The 80/20 rule in childhood obesity prevention

**The Edvocate is pleased to publish guest posts as way to fuel important conversations surrounding P-20 education in America. The opinions contained within guest posts are those of the authors and do not necessarily reflect the official opinion of The Edvocate or Dr. Matthew Lynch.**

A column by Rick Osbourne

Walk into any school system in the nation and you’ll find the following scenario. Approximately 10% of students will be strong and light enough (it takes both) to do at least one conventional pull up. Statistics confirm that students who can do even one pull up are ALMOST NEVER OBESE. On the other end of the spectrum you’ll find another approximately 10% of students who are just too heavy to do even one conventional pull up.
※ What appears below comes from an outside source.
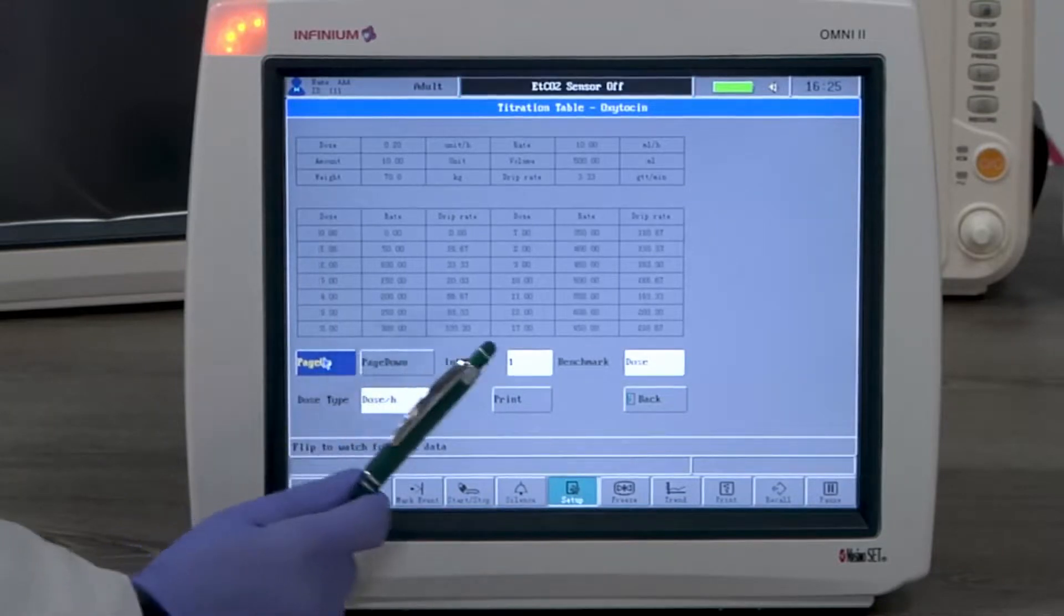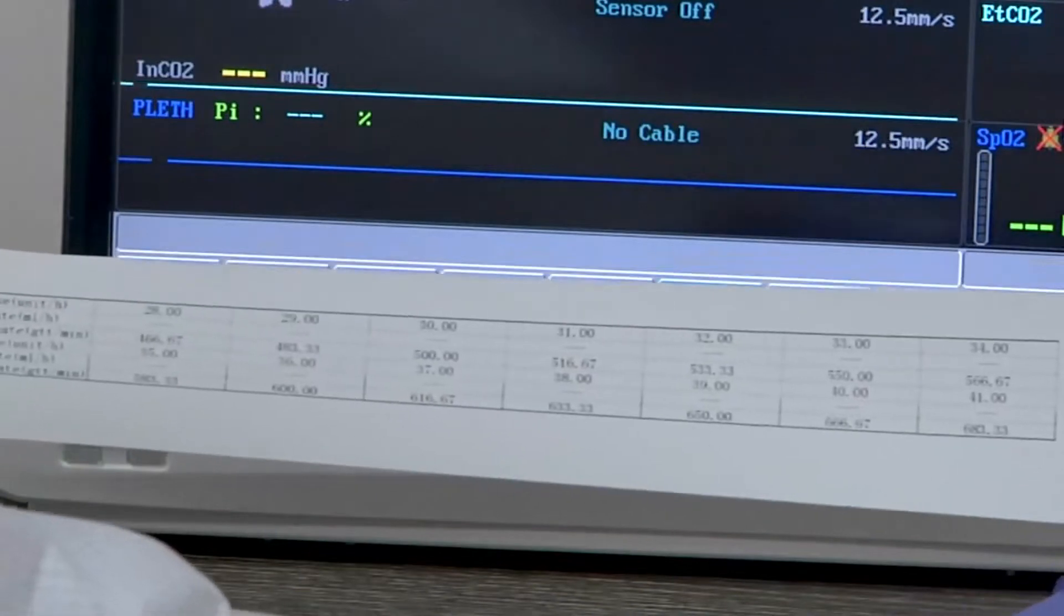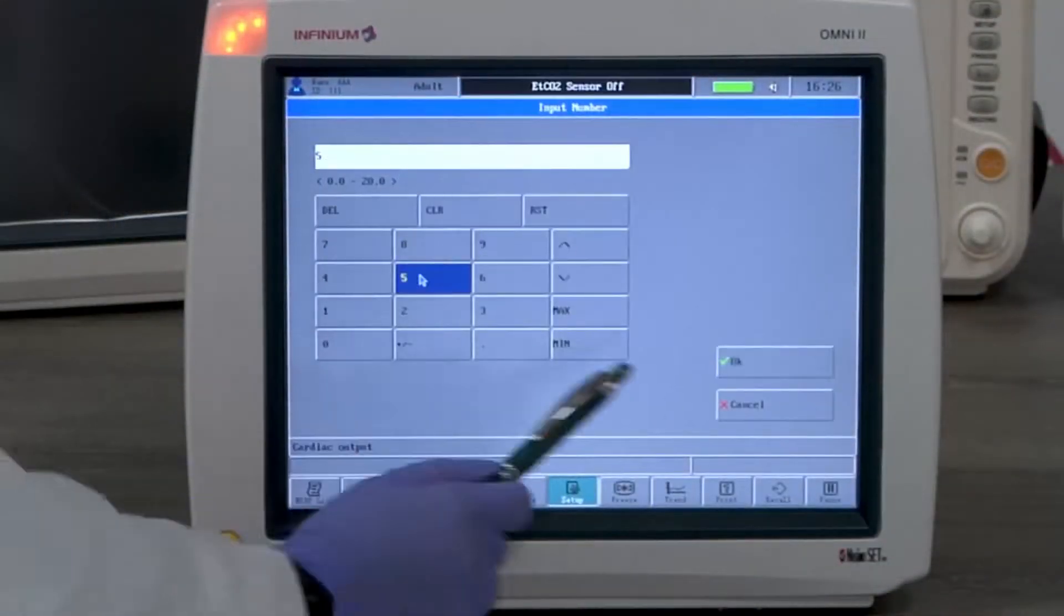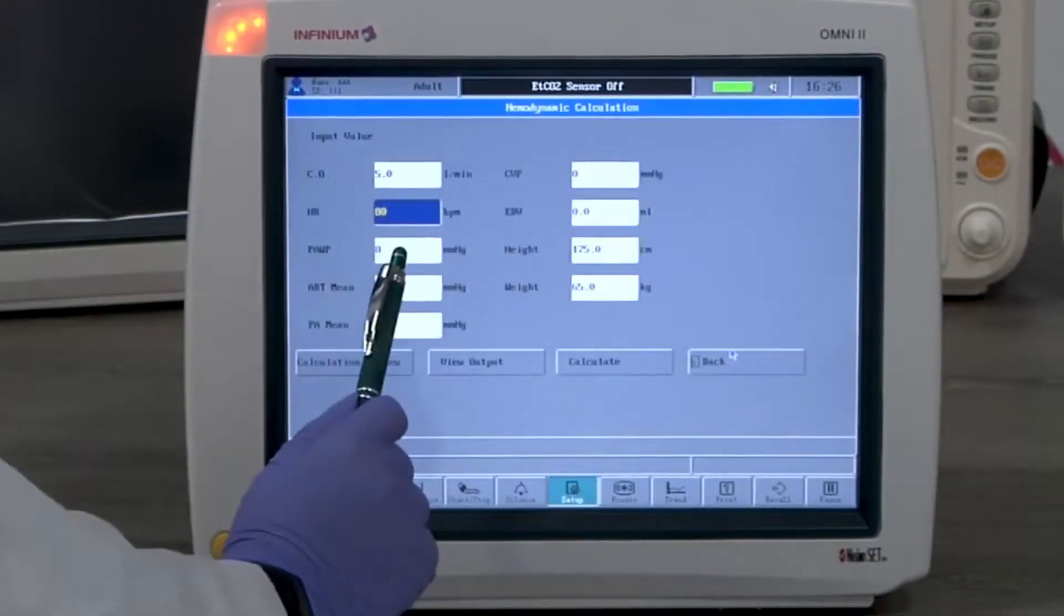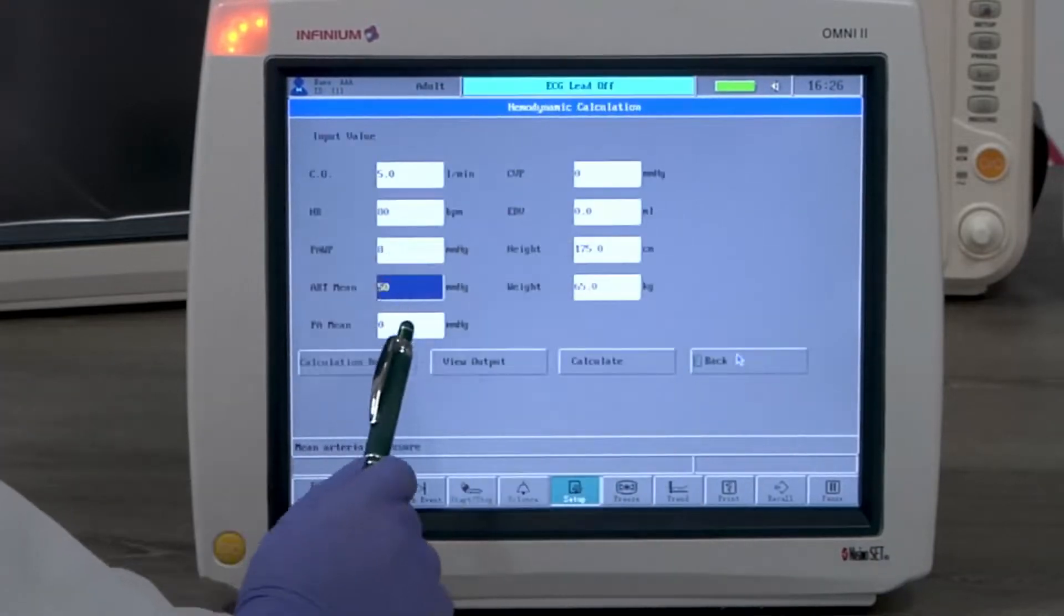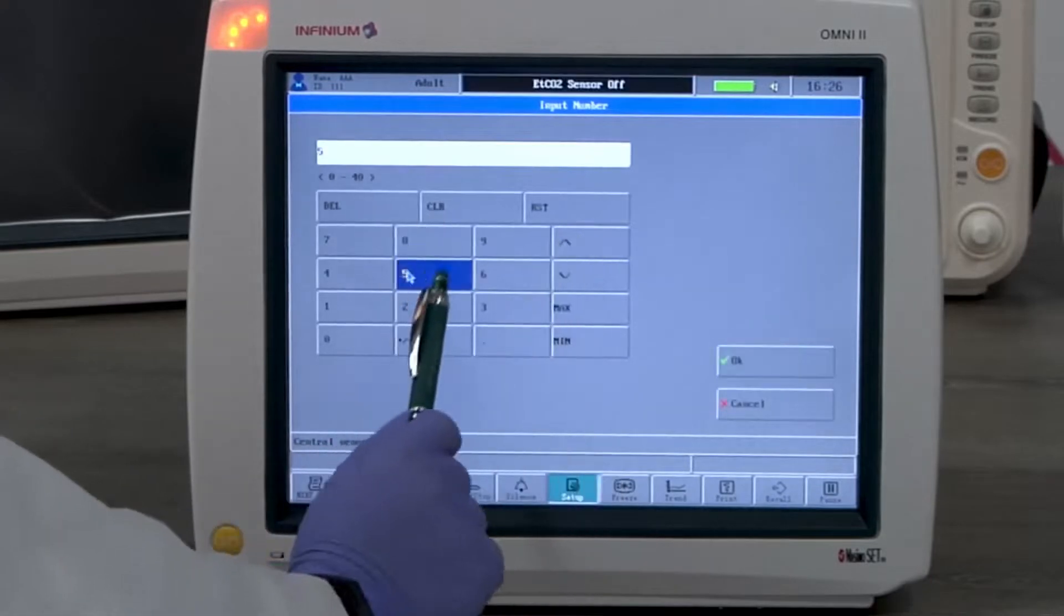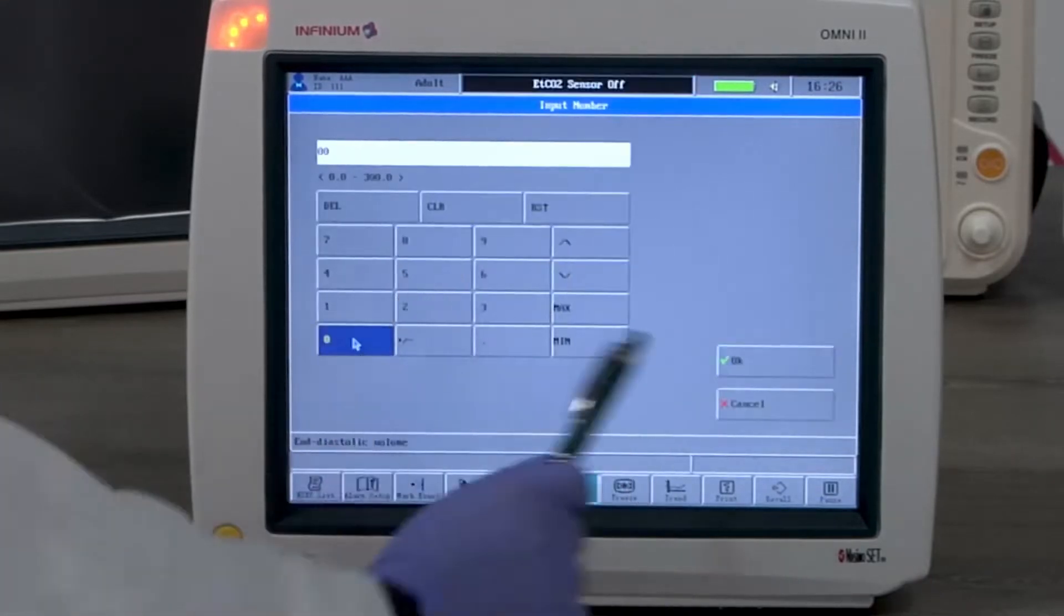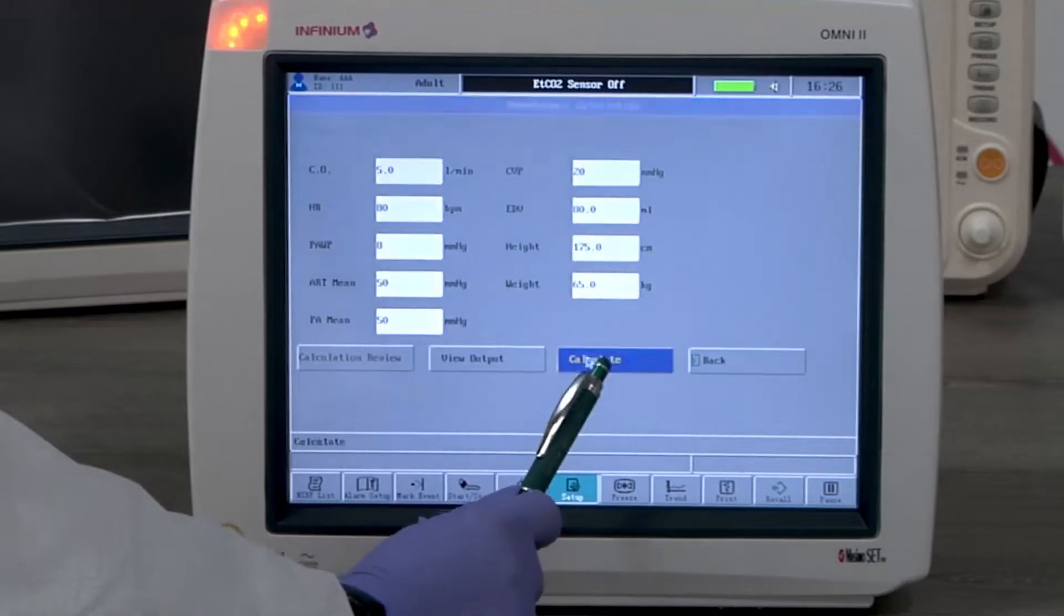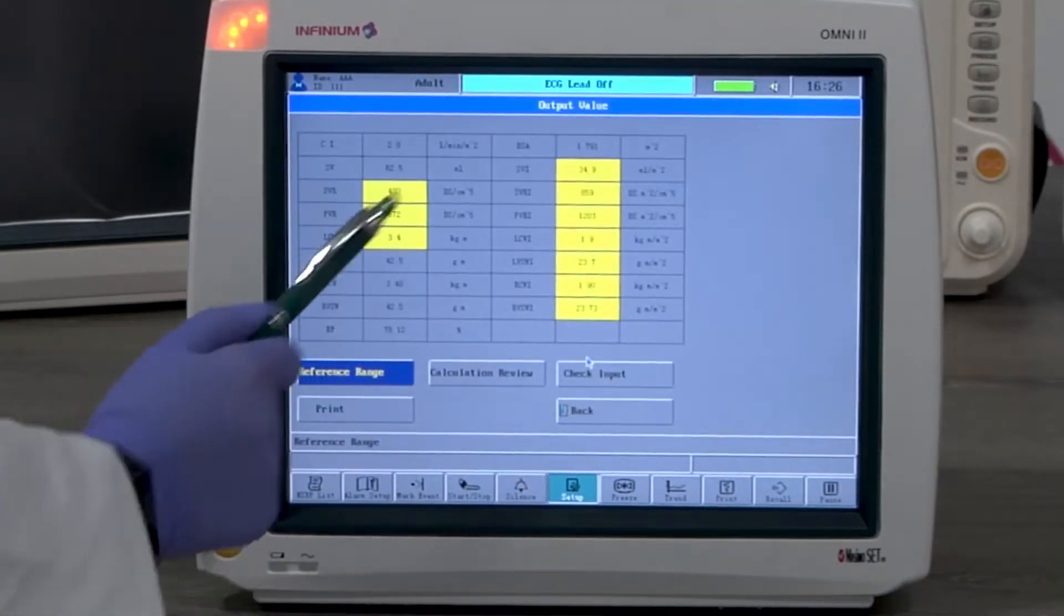Hemodynamic calculation is also a calculation feature. It'll calculate most clinically relevant hemodynamic parameters. You only need to input all the required readings, then select view output or calculate to see the result.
In between those two bookends you’ll find approximately 80% of students who are PROBABLY NOT OBESE, yet they lack the upper body pulling strength and kinesthetic know-how to do even one single pull up. Members of this 80% are particularly interesting because, as the low hanging fruit, they hold the key to winning the war against childhood obesity. Check it out.

The Low Hanging Fruit
You see, because they currently don’t carry much excess body fat, it’s relatively easy for members of this middle group to learn to do pull ups. In so doing, they’ll arm themselves against obesity for life if they simply maintain the ability – which itself demands decent eating and exercise habits and about 30 seconds each week from participants.

So on one hand, if they eat too poorly, exercise too little, and gain too much body fat, students will lose the ability to pull their own weight. On the other hand, if they maintain the ability, whatever they’re doing from an exercise and nutrition perspective is sufficient to allow them to avoid obesity for life.

50% Armed Against Obesity for Life
Now what happens if we give all the kids in this school system access to the info and experiences that will help them develop the ability, and half of the 80% group learns to do pull ups in the first school year? Do the math and you’ll find that 50% of all students (10% + 40% = 50%) will be able to physically pull their own weight in year one. And yes, if they maintain the ability they’ll never have to wrestle with obesity and related problems for the rest of their lives.

In year two let’s say that half of the remaining 40% of that middle group learns to physically pull their own weight. At the end of the second year you’ll have 70% of students (50% + 20% = 70%) who are armed against obesity for life as long as they maintain the ability.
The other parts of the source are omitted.